Questo quadro dei partiti maggiori ci porta a ragionare sulle altre forze che compongono il panorama politico tedesco e ad attrarre per prima l’attenzione è AfD. Questa ottiene un risultato enorme, che va al di là del dato numerico (superamento della soglia psicologica del 20 per cento). È la prima volta che in Germania un partito che mette esplicitamente in discussione alcuni assunti valoriali fondamentali della Germania postbellica, primo fra tutti quello dell’europeismo, ottiene un risultato capace di alterare gli equilibri nazionali. Molto clamore ha suscitato, in Germania ma non solo, il sostegno dato ad AfD da Elon Musk. Questo sostegno si è però rivelato poco utile, se non controproducente, nella misura in cui ha stimolato quello che potremmo definire come un “riflesso repubblicano” che ha spinto gli elettori incerti di altri partiti ad andare a votare. Il clima generale ha anche influenzato l’andamento elettorale sul fronte della sinistra: penalizzato il movimento personalistico di Sahra Wagenknecht (che resta fuori dal parlamento anche se la leader ha contestato il voto), l’elettorato della sinistra più ortodossa ha premiato la Linke, un partito che molti avevano dato per “rottamato” proprio dal BSW. La lista degli esclusi si chiude con i liberali di Christian Lindtner, oscurati anche da una CDU-CSU che, riposizionandosi a destra, ha fatto venire meno l’ubi consistam di un partito che spesso rimane stritolato dalle logiche dei partiti maggiori.

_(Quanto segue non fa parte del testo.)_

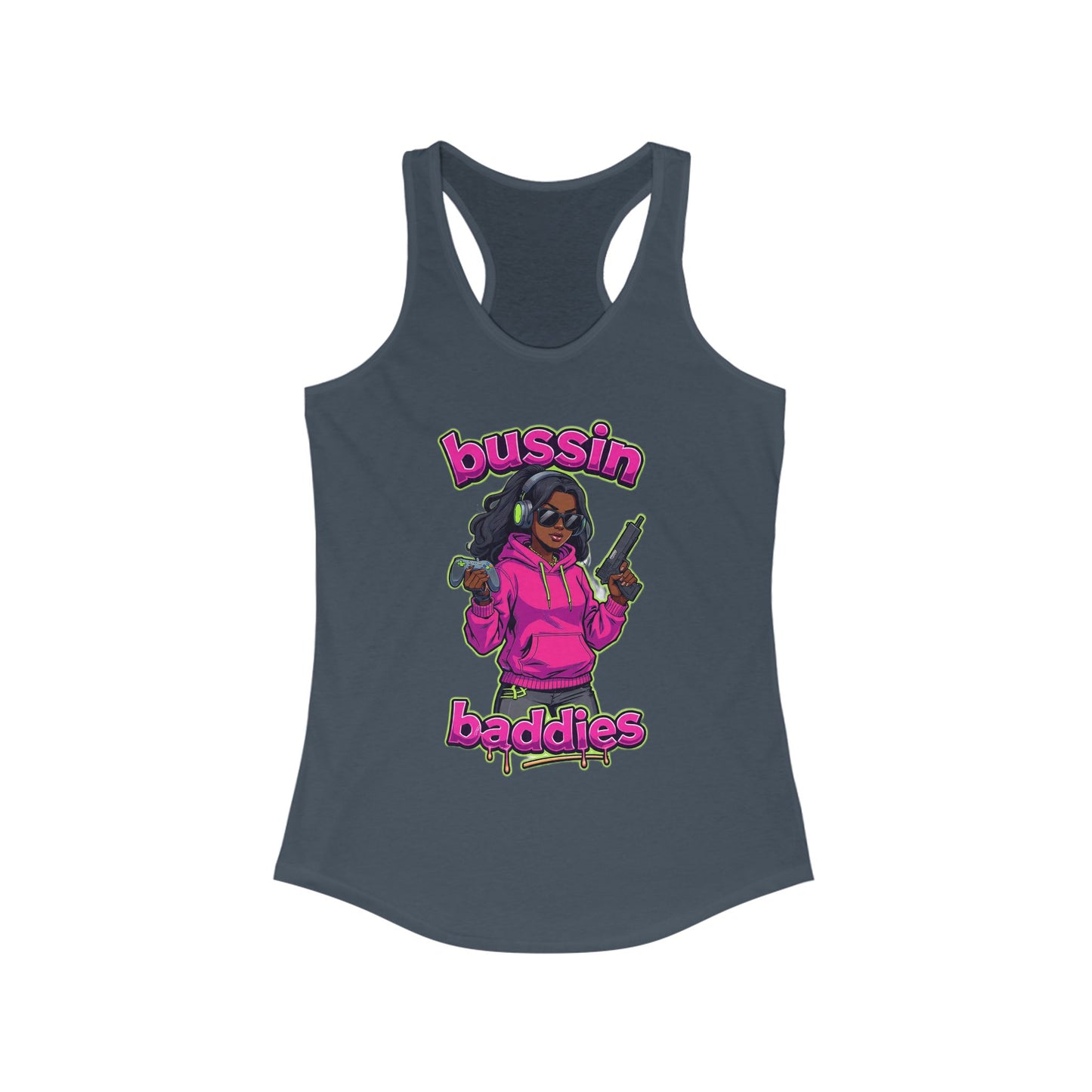Bussin baddies Women's Ideal Racerback Tank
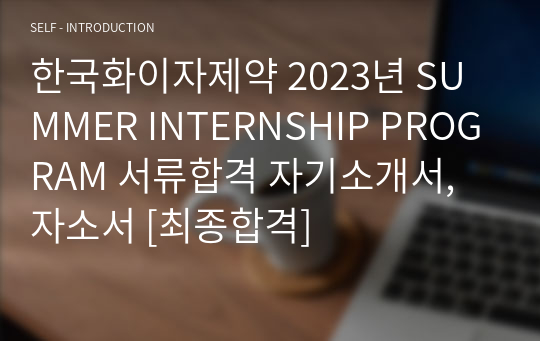 한국화이자제약 2023년 SUMMER INTERNSHIP PROGRAM 서류합격 자기소개서, 자소서 [최종합격]
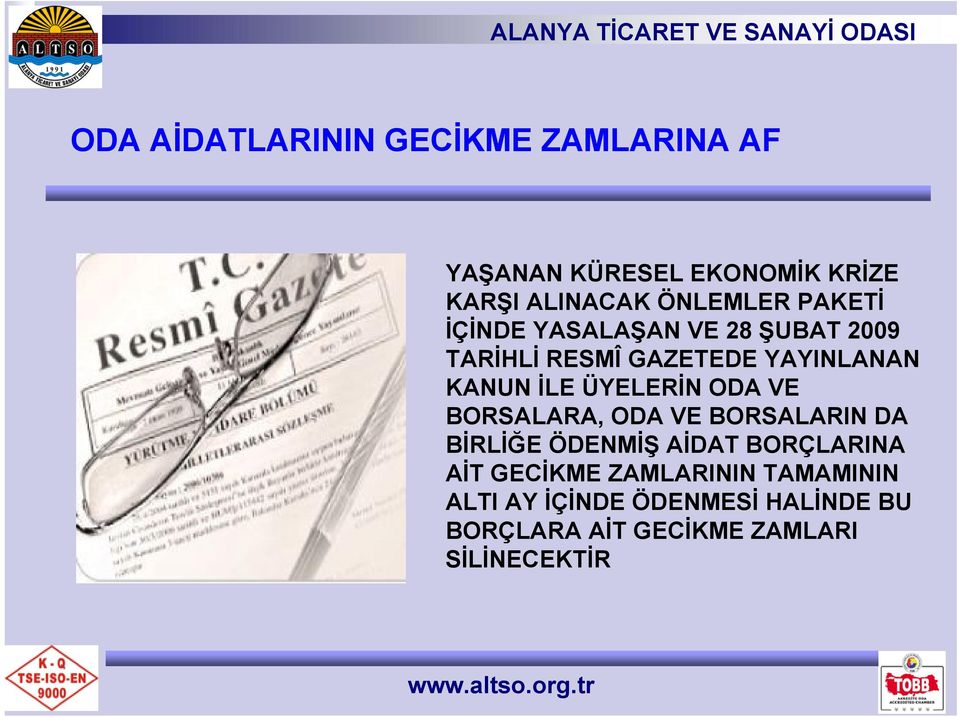 İLE ÜYELERİN ODA VE BORSALARA, ODA VE BORSALARIN DA BİRLİĞE ÖDENMİŞ AİDAT BORÇLARINA AİT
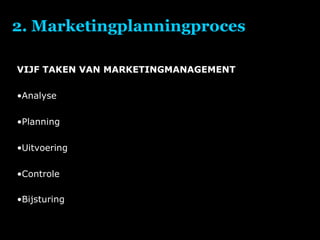 2. Marketingplanningproces VIJF TAKEN VAN MARKETINGMANAGEMENT Analyse Planning Uitvoering Controle Bijsturing 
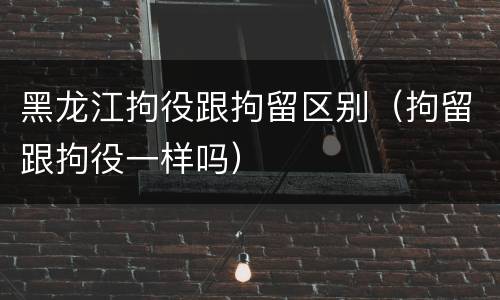 黑龙江拘役跟拘留区别（拘留跟拘役一样吗）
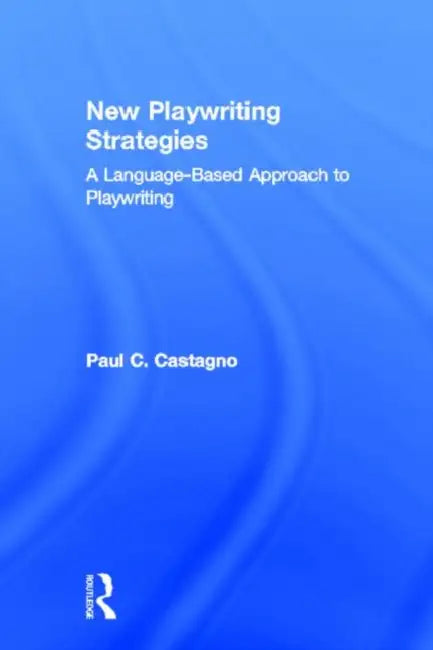 New Playwriting Strategies: A Language Based Approach to Playwriting by Paul C. Castagno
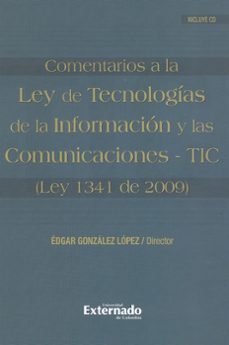 comentarios a la ley de tecnologías de la información y las comunicaciones- tic (ley 1341 de 2009) (ebook)-9789587106275
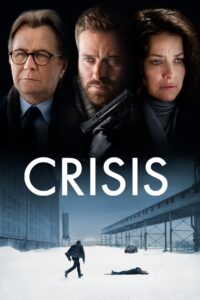 Crisis (2021) Hindi Dubbed HD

Nel ragionamento sulle possibili coalizioni è giusto svolgere una considerazione preliminare circa l’idea, sostenuta da più di uno anche in Italia, della presunta convergenza tra CDU e AfD. Questo scenario viene immaginato partendo dalla premessa che questi due partiti, accomunati seppur in modo diverso da un afflato conservatore, possano convergere dopo essersi collocati rispettivamente al primo e al secondo posto. Il vizio di fondo di questo ragionamento sta nel fatto che in realtà i due partiti, al di là del Nein! di Merz all’ipotesi di ogni alleanza, presentano delle differenze fondamentali. La CDU è e rimane un partito che concepisce il ruolo della Germania come europeo ed atlantico nel senso più classico, secondo i dettami che furono di Adenauer. AfD, nella sua forma attuale (che non è detto che non cambi visto la fluidità che ha sempre caratterizzato questo partito dalla sua nascita nel 2013), è, al contrario, un partito che si alimenta del rigetto di queste due dimensioni e propone una ritrazione della Germania che non rientra nella visione cristiano-democratica.

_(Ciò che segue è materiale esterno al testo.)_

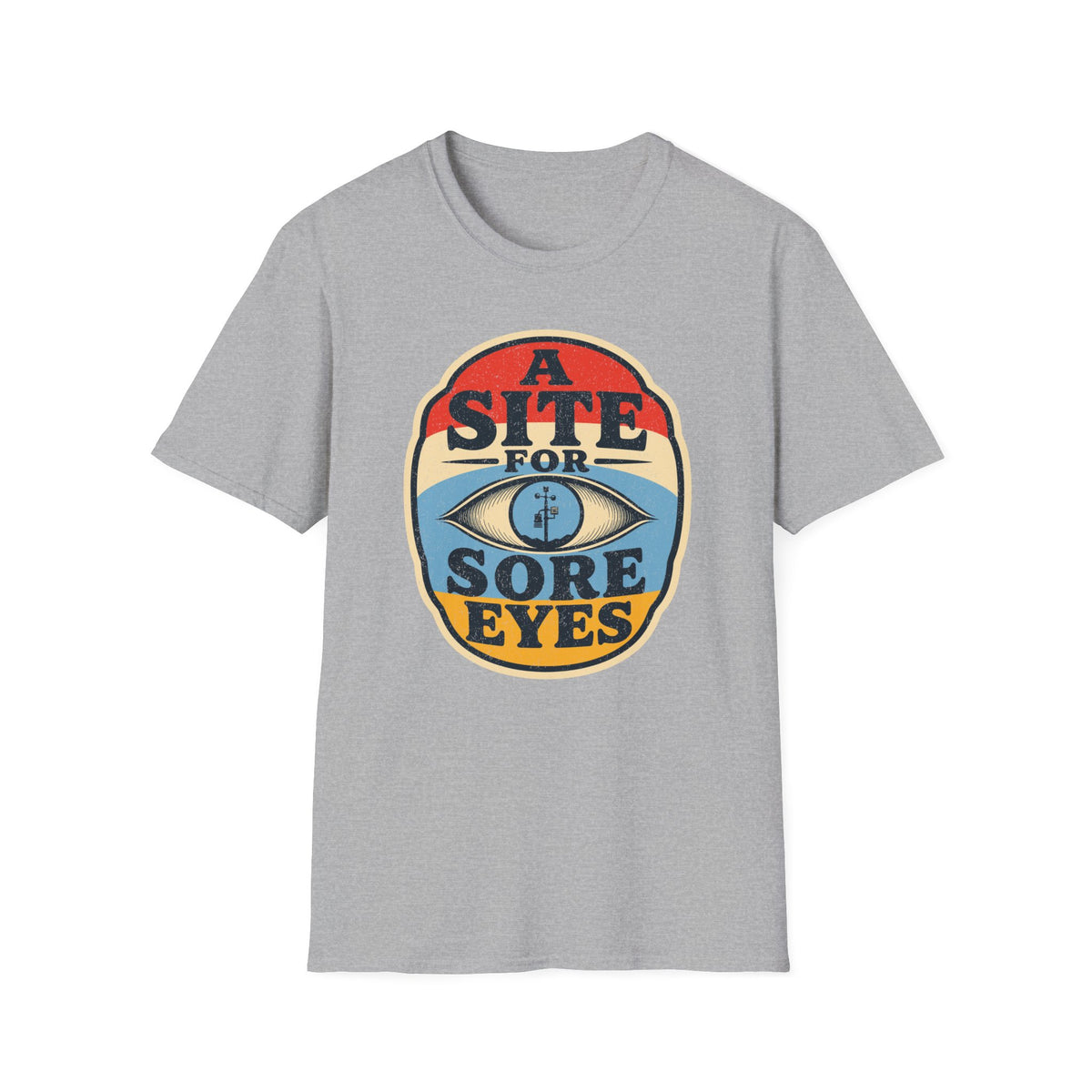A Site for Sore Eyes T-Shirt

Questo ci porta a un ultimo ragionamento sulla futura grande coalizione che si va delineando. L’idea di partenza è quella di una coalizione che includa l’SPD con i Verdi all’opposizione. In un panorama caratterizzato da una crescente incertezza, CDU e SPD potranno trovare forse nuovi motivi di coesione, ma in ogni caso quel che ci consegnano queste elezioni è un Paese spaccato con i socialdemocratici penalizzati per le scelte fatte negli anni in cui sono stati al governo.